Je travaille beaucoup. Voici le plan de vie que je suis depuis quelques jours et dont je me trouve fort bien. Je me lève à 6 heures. A 6 h. 1/2 au travail jusqu’à 8 h. 1:4. J’emploie ce temps à apprendre une heure de grec et trois quarts d’heure de français, le matin étant le meilleur temps pour la mémoire. Par là, la mienne se dérouille si bien que, ce matin, en moins de trois quarts d’heure, j’ai appris cent vers de Racine tirés d’Andromaque. C’est le discours de Démosthène Sur la couronne que j’étudie, pour le grec; il est très beau et m’exerce beaucoup. Entre les deux classes, je travaille ou à la philosophie ou à diverses choses. Le mardi, je vais, à ce moment, au cours de Villemain (2). Depuis 7 heures jusqu’à 10 h. 1/2 du soir, je m’occupe de philosophie, et de 10 h. 1/2 jusqu’à 11 h. 1/2 de quelque lecture, comme Anacharsis, l’Esprit de l’histoire, ou je prépare le grec que j’ai à apprendre le lendemain. Je suis toujours couché quelques minutes avant minuit.
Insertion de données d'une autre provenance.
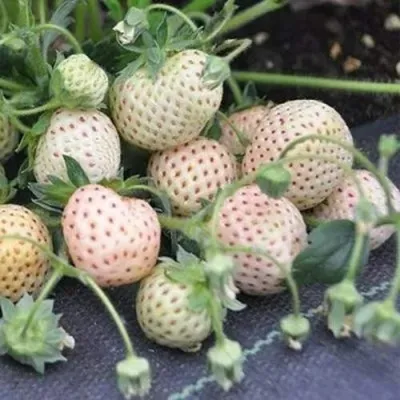 Клубника АНАНАСА ремонтантная — описание сорта Клубника АНАНАСА ремонтантная в Одинцове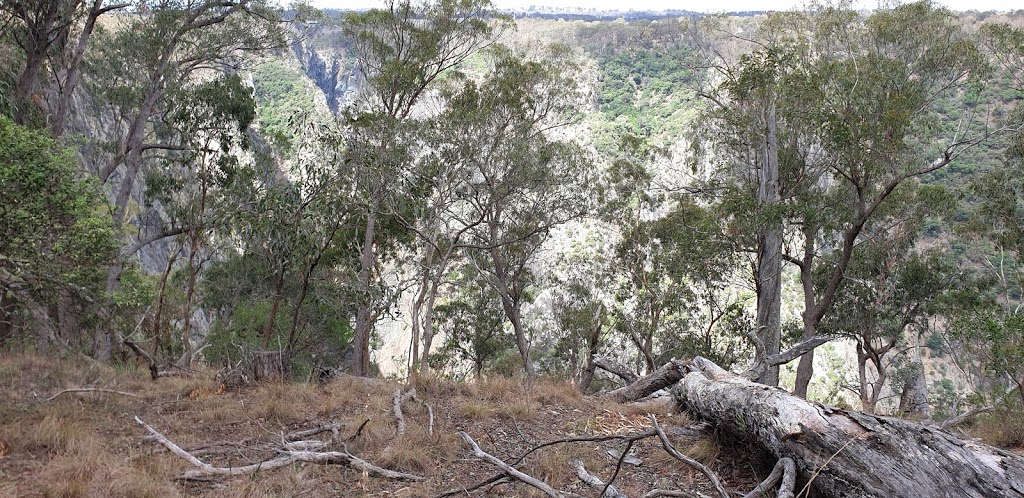 Wollomombi Falls Picnic Area | Wollomombi Falls Rd, Hillgrove NSW 2350, Australia | Phone: 1300 072 757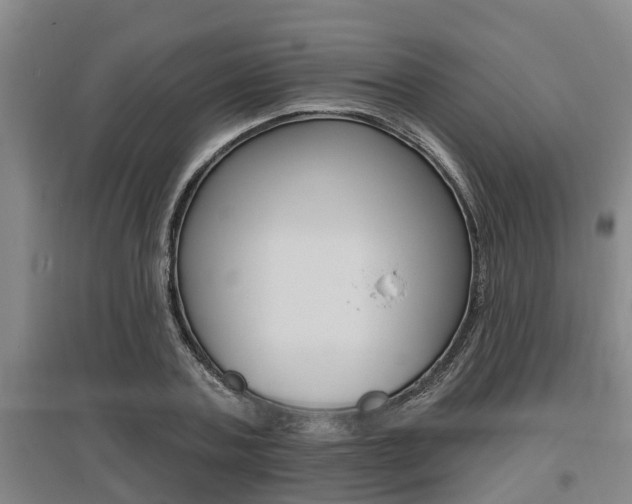 X0000095960787200801110945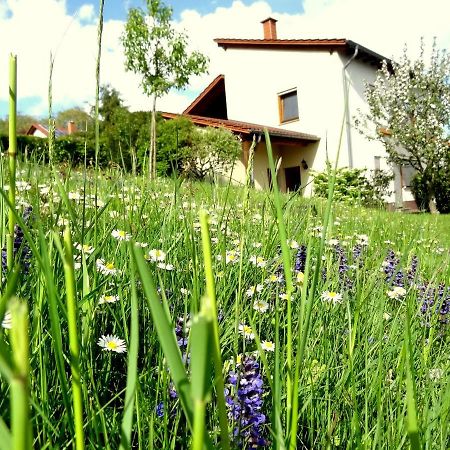 Ferienwohnung Schneider Mettlach Dış mekan fotoğraf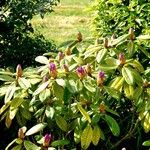 Rhododendron ponticum Alkat (teljes növény)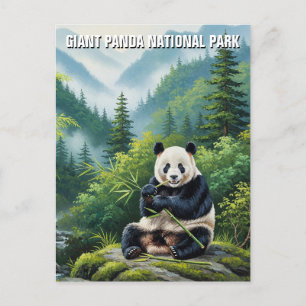Giant Panda National Park China Travel Postcard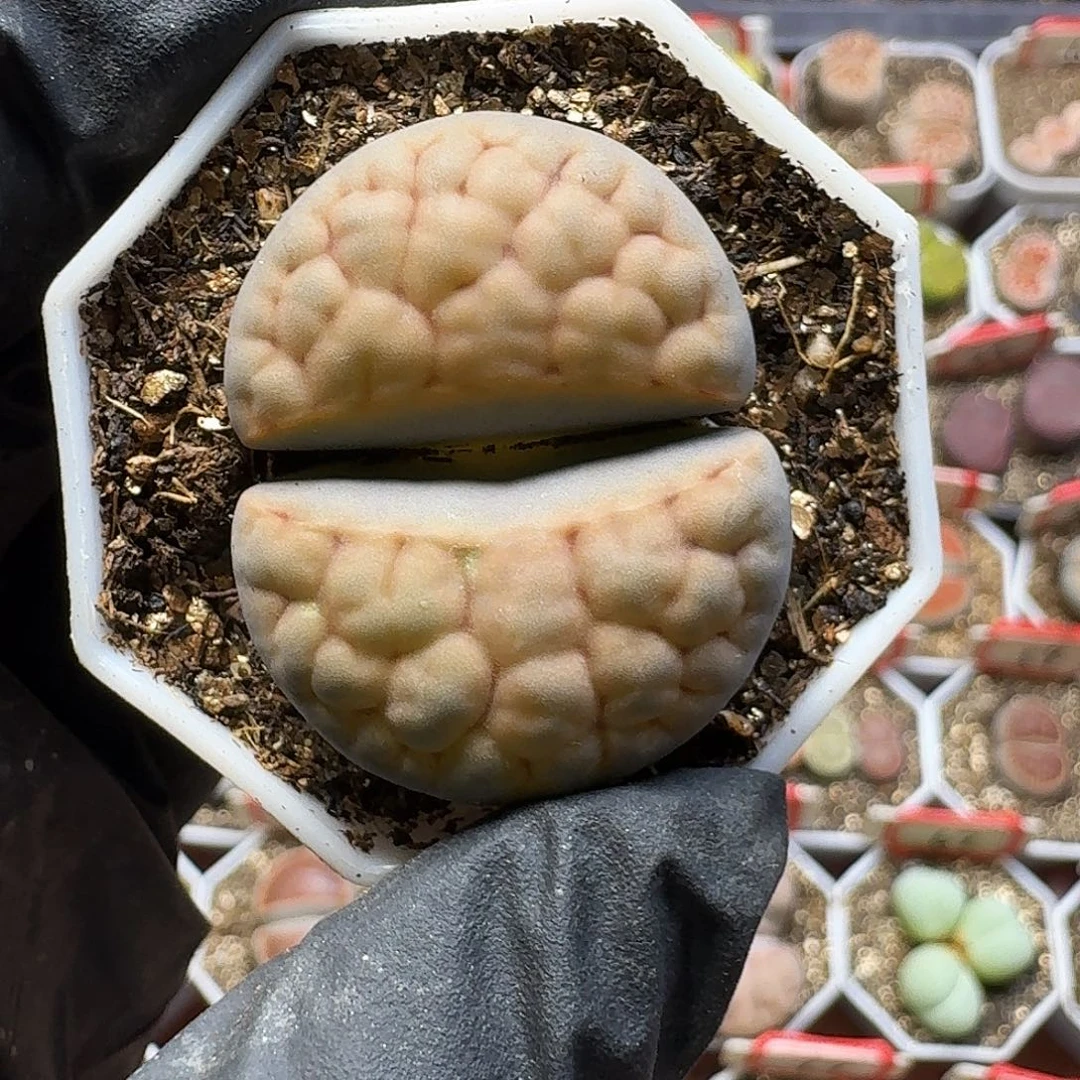 生石花22:：：：。  216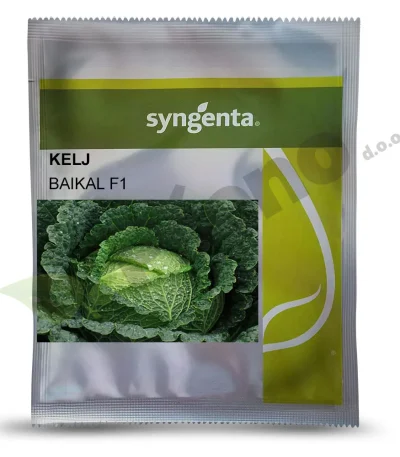 Kelj BAIKAL F1 Syngenta_Pseno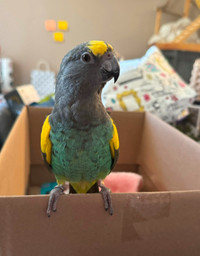Young Sweet Female Meyers Parrot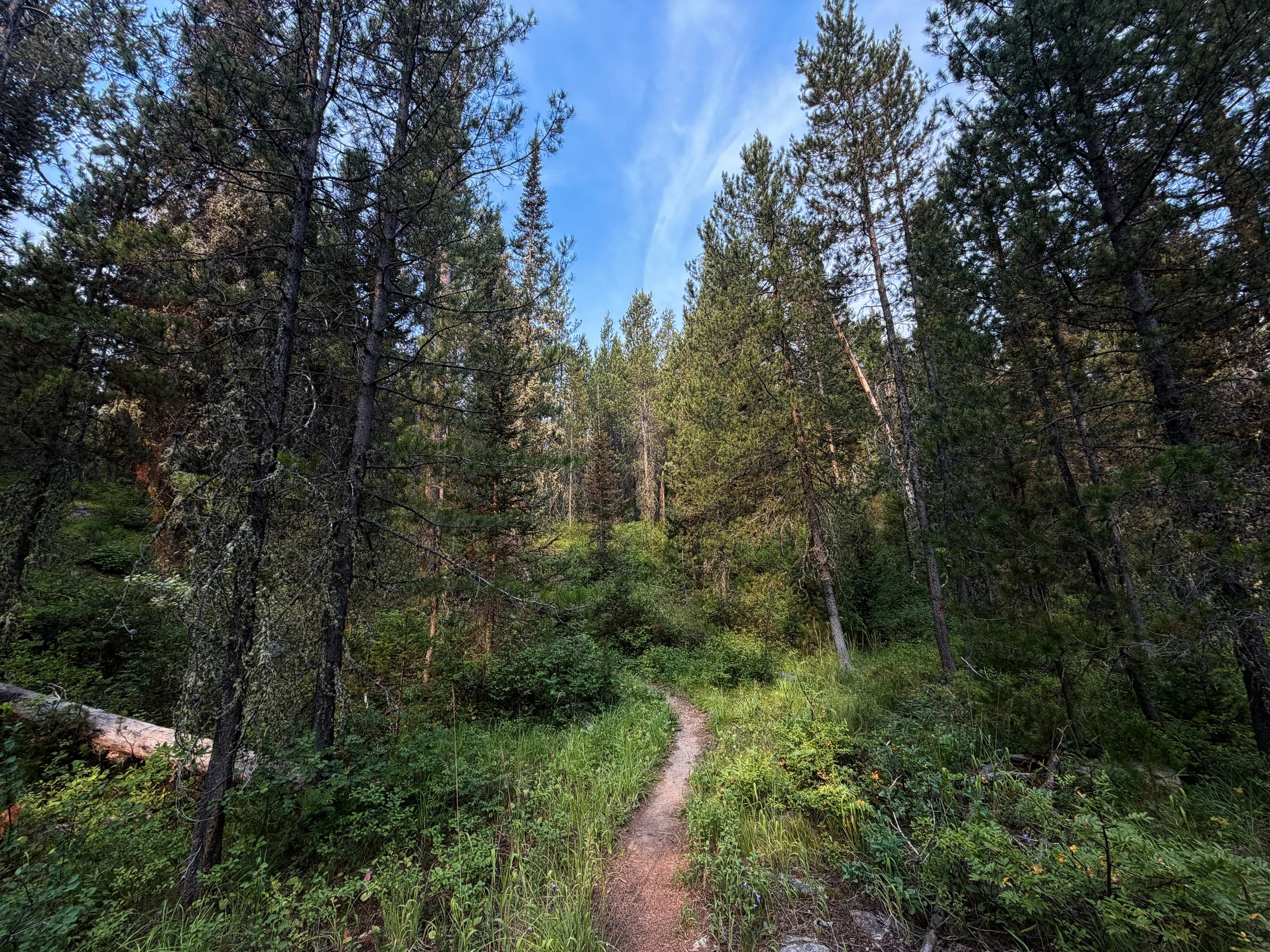 Aspen–Boulder Ridge Loop Trail Grand Teton National Park Wyoming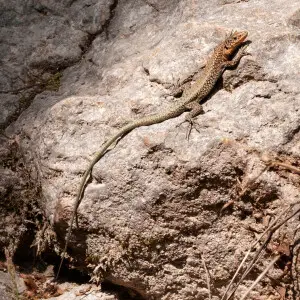 A juvenil Danford's Lizard (Anatololacerta danfordi). Canyon Kayaci, Mersin - Turkey.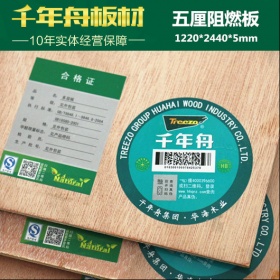千年舟阻燃板 5mm多层板 杨木芯阻燃等级B1级环保等级E0防火阻燃胶合板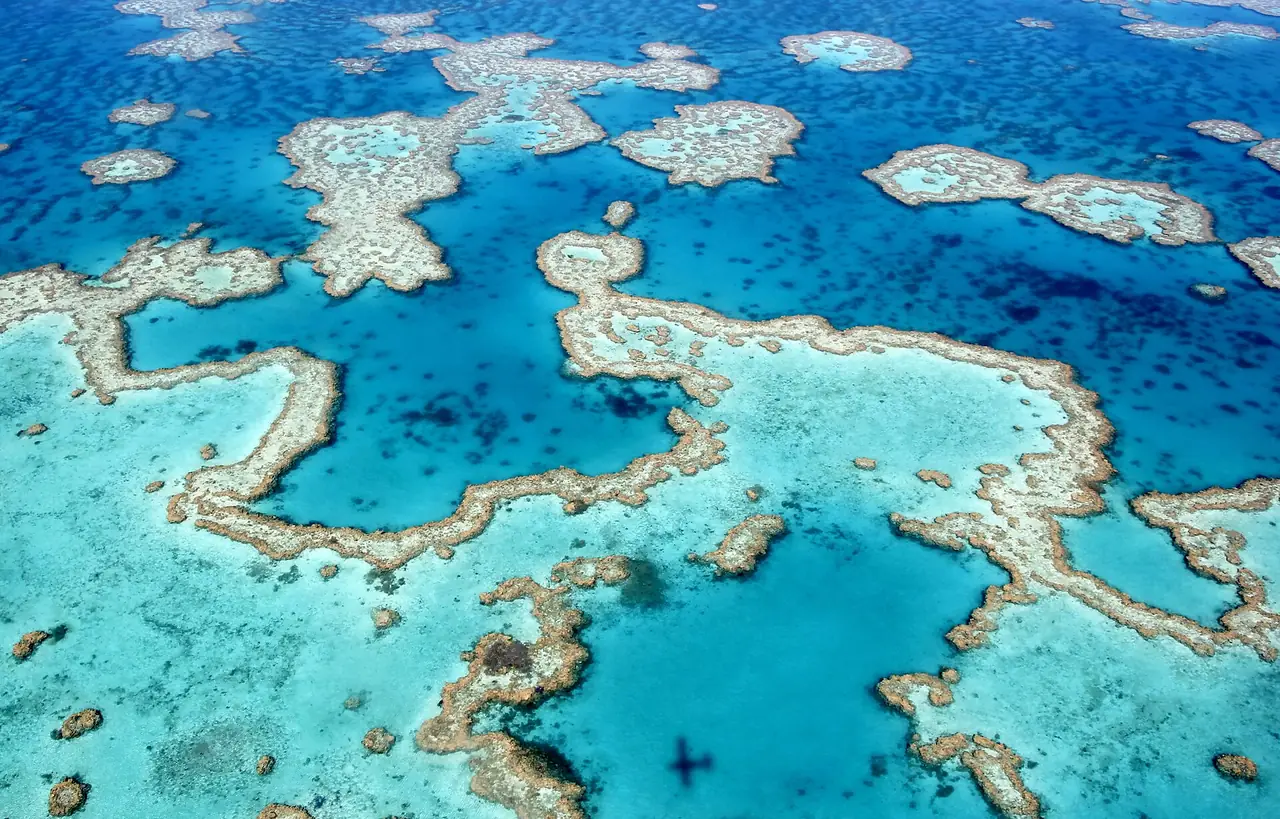 แนวปะการังบริเวณใกล้ Airlie Beach ในหมู่เกาะ Whitsunday ถ่ายจากเหนือพื้นที่ มองเห็นลวดลายปะการังและน้ำสีฟ้า ภาพจาก Wikimedia Commons ผู้ถ่าย Ayanadak123 สัญญา CC BY-SA 4.0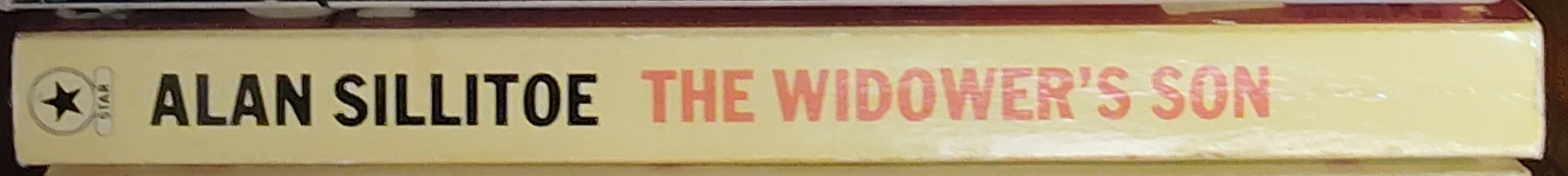 Alan Sillitoe  THE WIDOWER'S SON spine of book image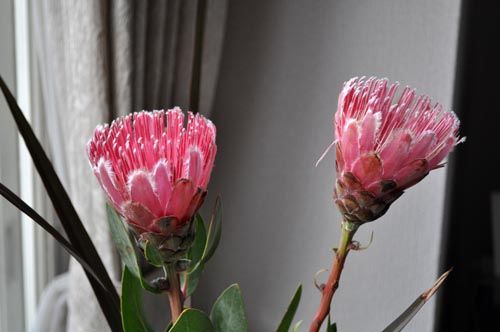 protea205b_ms
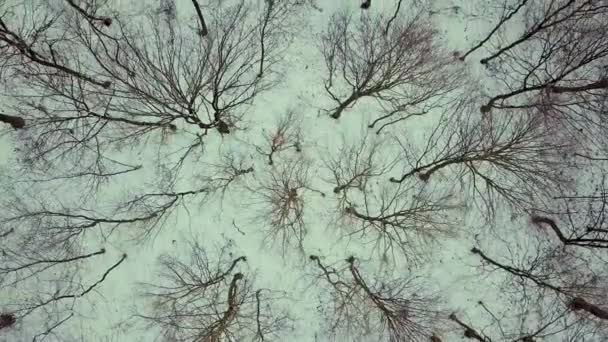 Letecký pohled na holý zimní les. - Záběry, video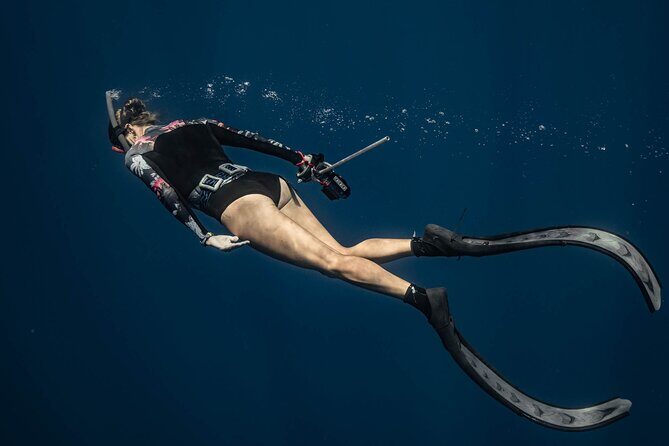 Private Tour Whale Watching Half Day Tour - The Sum Up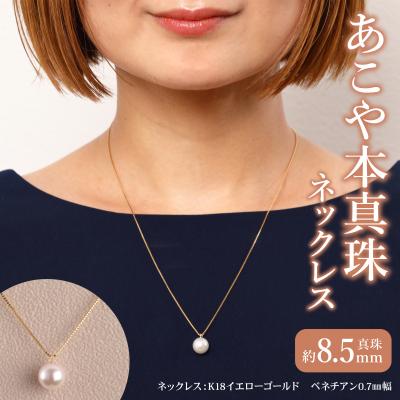 ふるさと納税 大分市 K18　あこや本真珠　パールネックレス　1珠　真珠8.5mm　イエローゴールド_T04001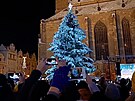 V Plzni na n�m�st� rozsv�tili v�no�n� stromek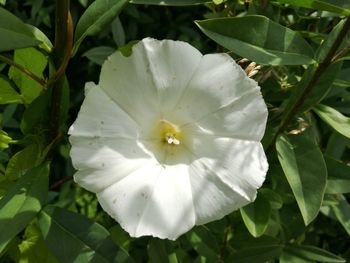 Close-up of white flower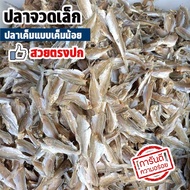 ปลาจวดเล็ก ปลาจวดตัดหัว ปลาเค็มชนิดไม่เค็มมาก 300กรัม ทอดกรอบอร่อย ปลาจวด ปลาจวดเค็ม ปลาจวดแดดเดียว 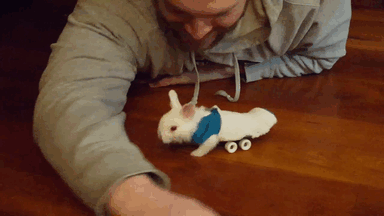 paralyzed-bunny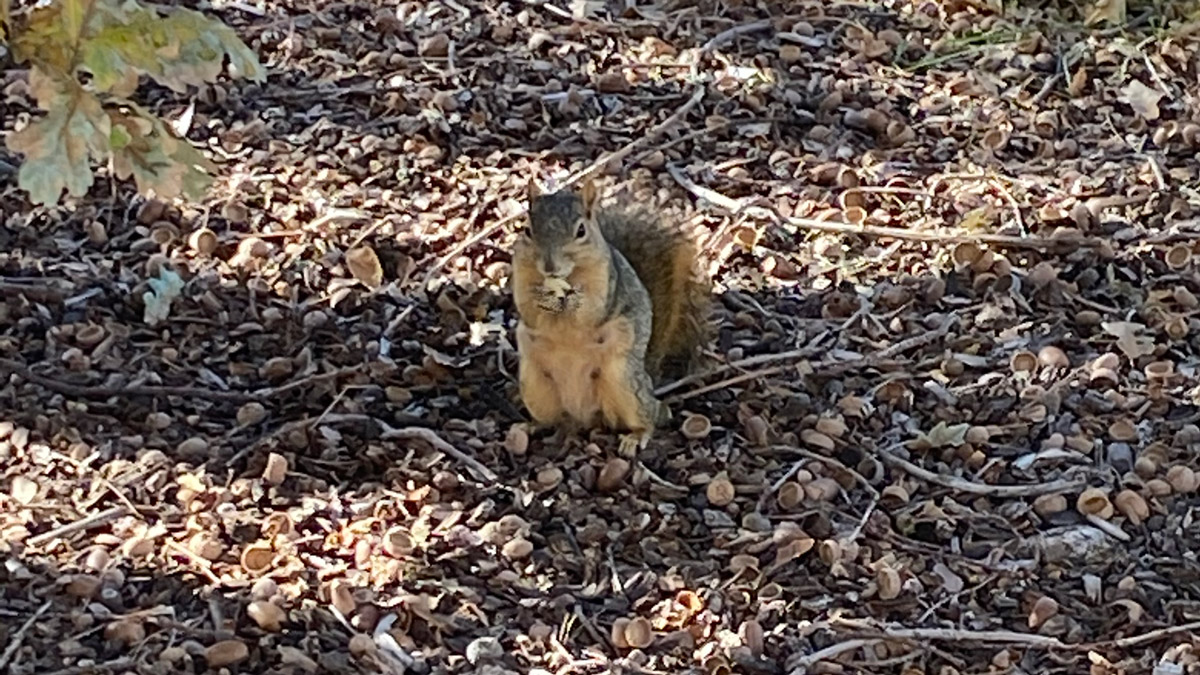 Animals of the U: Fox A. Squirrel – @theU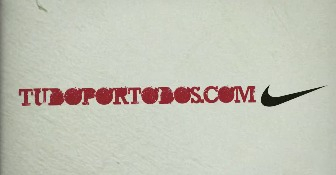 The Mushroom Company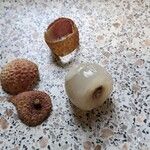 Litchi chinensis Fruit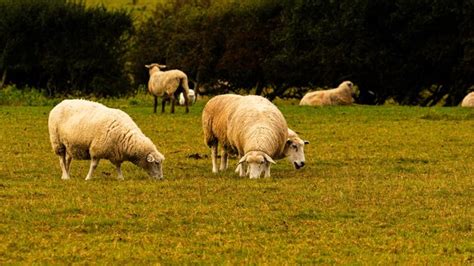 Premium Photo Sheep Grazing In The Golden Fields
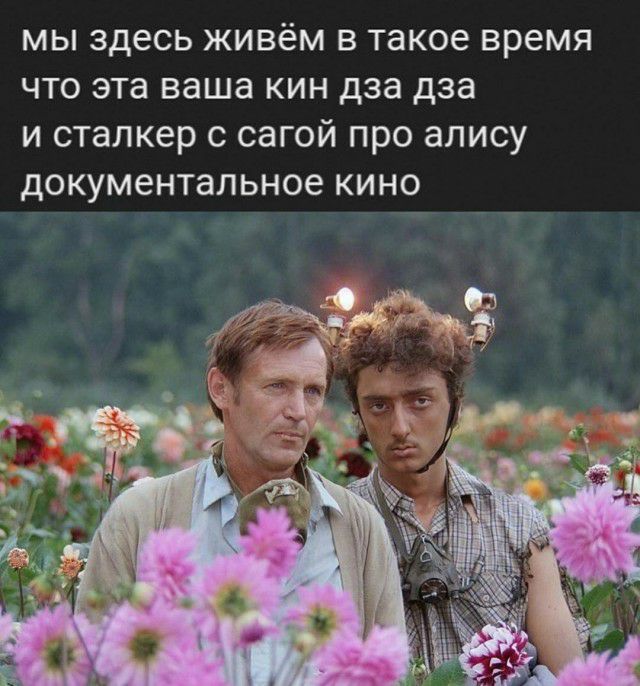 мы здесь живём в такое время что эта ваша кин дза дза и сталкер с сагой про алису документальное кино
J’ai encore quelque peine à vaincre le sommeil, mais j’espère en venir à bout. Et cependant, ce matin, le moment où j’avais le plus envie de dormir est celui où j’ai le plus vite appris mon Racine. Vous pensez bien qu’avec de telles dispositions je pense à la bibliothèque. Voici le plan que j’ai adopté et que je vous propose. Pour l’aile du château, du côté des appartements de Christol, faire de la chambre du repassage un cabinet pour vous. J’oubliais de vous dire que maman suppose qu’en chevalier français vous céderiez votre chambre à Augustine et votre cabinet à Marie. — Je disais donc qu’on pourrait faire du repassage un cabinet pour- vous, de la chambre de Christol une chambre pour vous encore. Vous auriez l’avantage inestimable de surveiller facilement de cet endroit tous les valets. On détruirait l’escalier, qui ferait une chambre pour moi; les deux pièces suivantes seraient la… (je me tais), et, pour ne pas monter au grenier par l’échelle de Jacob, on construirait un escalier dans la tour qui est au fond. J’aurais un passage par l’escalier de la cour intérieure, et au moyen d’une poulie, vous pourriez faire monter la feuille des vers à soie et le blé, bien plus facilement encore que par l’escalier présent.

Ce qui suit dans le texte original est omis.